-- Exercise data follows --

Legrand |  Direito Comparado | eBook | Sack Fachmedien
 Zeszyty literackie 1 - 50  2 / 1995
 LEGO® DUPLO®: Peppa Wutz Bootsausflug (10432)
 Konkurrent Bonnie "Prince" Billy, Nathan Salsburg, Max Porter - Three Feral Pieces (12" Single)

-- Exercise data concluded --

_What needs to be done_:
Nothing in the material above may be skipped, so reproduce it all exactly.

_Task response_:
Legrand |  Direito Comparado | eBook | Sack Fachmedien
 Zeszyty literackie 1 - 50  2 / 1995
 LEGO® DUPLO®: Peppa Wutz Bootsausflug (10432)
 Konkurrent Bonnie "Prince" Billy, Nathan Salsburg, Max Porter - Three Feral Pieces (12" Single)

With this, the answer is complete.